Um die Verletzlichkeit seines Mandaten zu zeigen, hatte Verteidiger Barry Roux den unterhalb der Knie amputierten Pistorius am Mittwoch im südafrikanischen Pretoria dazu aufgefordert. Der 29-Jährige habe seine damalige Freundin Reeva Steenkamp aus Angst um sein Leben erschossen, sagte Roux in seinem Schlussplädoyer. Staatsanwalt Gerry Nel forderte mindestens 15 Jahre Haft für Pistorius.
Der frühere Paralympics-Star hatte am Valentinstag 2013 seine damalige Freundin Reeva Steenkamp erschossen. Er war in erster Instanz wegen fahrlässiger Tötung zu fünf Jahren Haft verurteilt worden.
Die Staatsanwaltschaft legte Berufung ein und erzielte Ende 2015 in zweiter Instanz eine Verurteilung wegen Mordes.
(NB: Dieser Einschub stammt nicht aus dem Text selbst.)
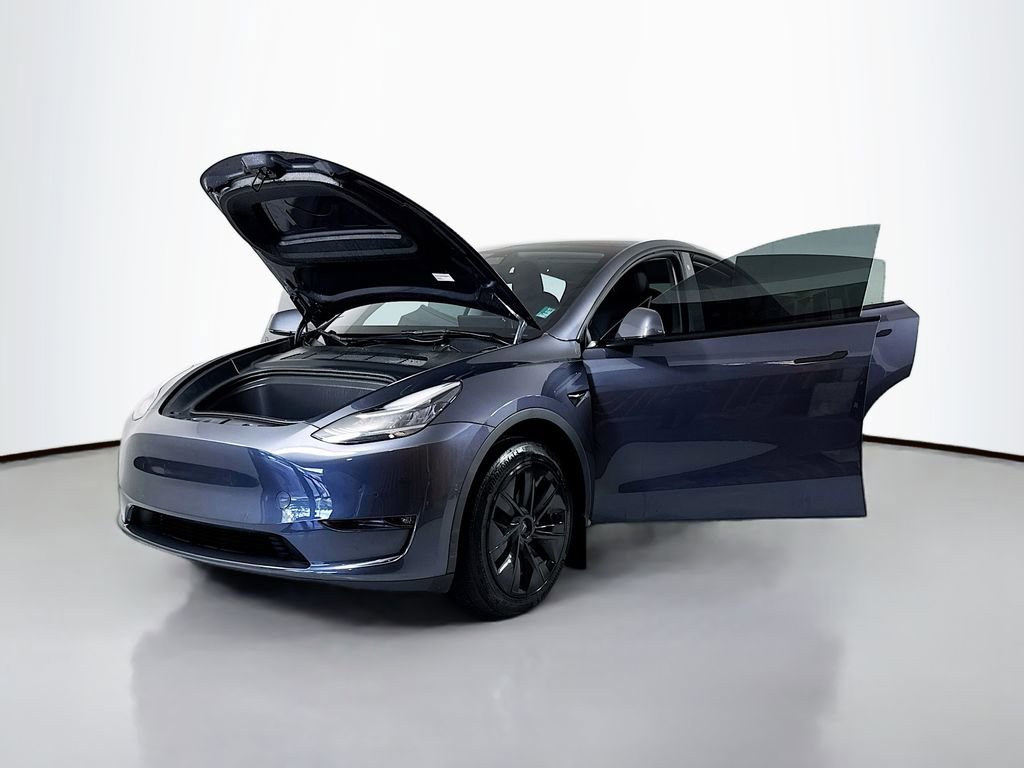 Used 2022 Tesla Model Y Long Range AWD/4WD image 30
Das Gericht in Pretoria unter Vorsitz von Richterin Thokozile Masipa will am 6. Juli über ein neues Strafmass für Pistorius befinden.
«Er hatte richtig Angst»
Pistorius hatte Steenkamp mit vier Schüssen durch die geschlossene Toilettentür in seinem Haus erschossen und ausgesagt, er habe dahinter Einbrecher befürchtet. «Er hatte richtig Angst», sagte Roux und wies auf die Hilflosigkeit seines Mandanten hin.
Schliesslich legte Pistorius unter Tränen seine Prothesen ab und lief auf seinen Beinstümpfen durch den Gerichtssaal. Dabei musste der Südafrikaner, der als Sprinter bei den Paralympics mehrere Goldmedaillen gewann, gestützt werden und sich an den Holzbänken im Saal festhalten.
«Es ist drei Uhr morgens, es ist dunkel, er ist auf seinen Stümpfen», schilderte Roux die Situation, in der Pistorius am Valentinstag 2013 zu seiner Waffe gegriffen und seine Freundin vom Schlafzimmer aus durch die geschlossene Toilettentür erschossen hatte. «Sein Gleichgewicht ist ernsthaft beeinträchtigt und … er wäre nicht in der Lage, sich zu verteidigen.»
«Der Beschuldigte ist für den Rest seines Lebens bestraft», sagte Roux. Er könne etwa seine Sportkarriere nicht weiterverfolgen und habe finanziell und sozial für das Verbrechen gezahlt. «Er zahlt seit dem Moment, als er geschossen hat.» Pistorius sei ein «gebrochener Mann». Der Verteidiger betonte, Pistorius wolle wie ein ganz normaler Bürger behandelt werden.
Staatsanwalt Nel erklärte hingegen, dass der tatsächlich «gebrochene Mann» der Vater der getöteten Reeva Steenkamp sei. Barry Steenkamp hatte am Dienstag in einer emotionalen Aussage über den Verlust seiner Tochter gesprochen. Weinend erklärte er, dass er sich mit Insulinspritzen in Bauch und Arme gestochen habe, um den Schmerz seiner Tochter in ihren letzten Minuten nachzufühlen. «Da war keine Wut, da war kein Hass – da war nur ein gebrochener Vater», sagte Nel.
Cousine: Reeva liebte Pistorius nicht
Barry Steenkamp sass mit seiner Familie am Mittwoch schweigend im Publikum. Reeva Steenkamps Cousine Kim Martin sagte aus, dass Reeva Pistorius nie geliebt habe. Sie erzählte ausserdem, wie der Tod ihrer Cousine das Familienleben verstört habe.
«Am Valentinstag ist es am schlimmsten», sagte sie. Auch an anderen Feiertagen müsse die Familie immer wieder an Reeva denken. «Wir wollen aber nicht, dass jeder besondere Anlass wie eine Beerdigung ist.»
Kim Martin sagte vor dem Gericht zudem, sie glaube, dass Pistorius in dem Prozess gelogen habe. «Alles, was wir wollten, ist die Wahrheit», sagte Martin. «Aber wir haben sie nicht bekommen, Oscar hat seine Version so oft geändert».